図1.ギリシアの医神アスクレピオス.蛇のまきついた杖がシンボル [PD]

古代ギリシアには,医神アスクレピオス*(図1)を祀る神殿アスクレペイオンが各地に建てられ,病院の役割も果たしていた.神殿医学といわれ,患者は神殿に寝泊まりし,神官が治療者の役割を兼ねる.神官は,祈祷,神託を行ない,また患者の見る夢を解釈して,治療法を伝授した.催眠療法やある種の外科治療も行われた記録がある. 総じて古代の医術は超自然的な呪術や宗教と密接に結びついており,宗教者,呪術者,医者の役割は渾然一体となっている.現在でも不治の病に侵されると,「神様仏様」を唱え,お百度を踏んだ りする姿は,医の根源に人類の祈りであることを良く示している.ギリシアの医学も初期はこのような状態であった. 

*アスクレピオス: アポロンを父とし,半人半馬のケンタウロスに育てられ,医術を教わり名医と慕われた.アスクレピオスの力量は死者を蘇らせるまでになったが,死者の世界の支配者ハデスはこれを快く思わず,ゼウスに雷で打たせてしまう.アスクレピオスは,昇天してへびつかい座の神となった.アスクレピオスは,常に蛇を伴いこれを助手として治療に当たったとされ,その姿は常に蛇が巻きついた杖とともに描かれる.脱皮を繰り返す蛇は,古代文明ではしばしば再生の象徴とされ,現在もアスクレピオスの杖は医術のシンボルとなっている.アスクレピオスには,3人の息子,5人の娘がおり,そのいずれも医術の神とされ,娘のヒュギエイア(Hygieia),パナケア(Panacea)は,それぞれ hygiene (衛生), panacea (万能薬)の語源である.

ヒポクラテス 

図2.ヒポクラテス.ローマ時代の銅版画作 [PD]

ここに登場したのが臨床医学の父 ヒポクラテス(前460?-370?)である.ヒポクラテスはギリシアのコス島*に生まれ,ここで活躍した実在の人物であることは確実で,ソクラテス,プラトンとほぼ同時代の人であるが,詳細は不明でその肖像も残っていない.多くの大学医学部構内に飾られているヒポクラテス像はいずれも後世の想像によるものである(図2).コス島にもアスクレペイオンがあり,ヒポクラテスはここで医術を学んだとされる.

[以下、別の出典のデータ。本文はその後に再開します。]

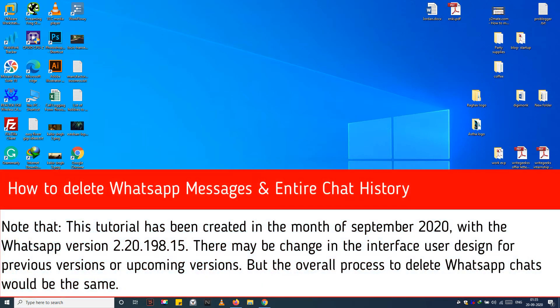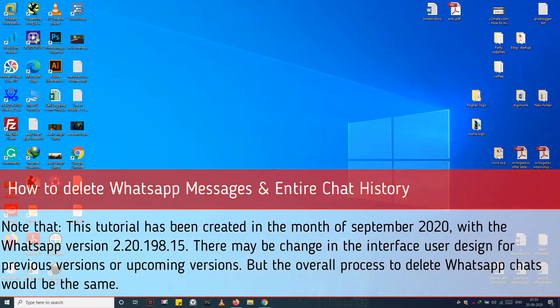Note that this tutorial has been created in the month of September 2020, with WhatsApp version 2.20.198.15. There may be changes in the interface or user design for previous versions or upcoming versions, but the overall process to delete WhatsApp chats would be the same.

当時の医師は,各地を旅して回りながら,求めに応じて診療するのが一般的で,ヒポクラテスそのような遍歴医のひとりであった.

* コス島:コス島は,ギリシアとはいってもトルコに近く,エーゲ海の小アジア半島沖合に浮かぶ小さな島である.現在も町の広場にはプラタナスの大木があり,この下でヒポクラテスが弟子たちに講義をしたと伝えられる.日本の大学医学部のキャンパスには,ここから取寄せた種子や苗木から育ったとされる「ヒポクラテスの木」を植えているところが少なくない.

ヒポクラテス全集

ヒポクラテスの医学とその事績を伝えるのは,「ヒポクラテス全集」である.70編以上の文書からなるが,いずれも著者名の記載がなく,内容,文体も多彩であることから,自著だけでなく弟子や後世の医師の著作が含まれていると考えられている.その多くは,疾患やその診断,治療に関する記述であるが,医師の心得や哲学的なエッセイも含まれている.例えば「医師はある程度の愛嬌を持たなければならない.気難しい性格は健常者にも病人にも不快の念を与える.しかし余りに露骨であったり俗人と話し過ぎることなく,必要なことを述べるにとどめるべきである」「報酬はあまり厳重に過ぎてはならない.患者の財力を充分に考慮しなくてはならない.時には無報酬で治療すると良い.それは一時的名声のためではなく永久の感謝を身に受けるものである」などと述べている.

有名な「ヒポクラテスの誓い」も,ここに収められた文書のひとつである.患者のために全力を尽くすこ と,自殺を幇助しないこと,患者の秘密を守ることなど医師の倫理規範が書かれおり(→参考資料),しばしば医学部の講堂に額に入れて掲げられている*

*世界医師会が掲げる「ジュネーブ宣言」は,ヒポクラテスの誓いを土台としており,1948年に採択され,その後数回の改訂を経て,最新版は2017年版である.

四体液説

図3.四体液説.四つの体液のバランスが崩れると病気になると考える.18世紀まで臨床医学の基本であった.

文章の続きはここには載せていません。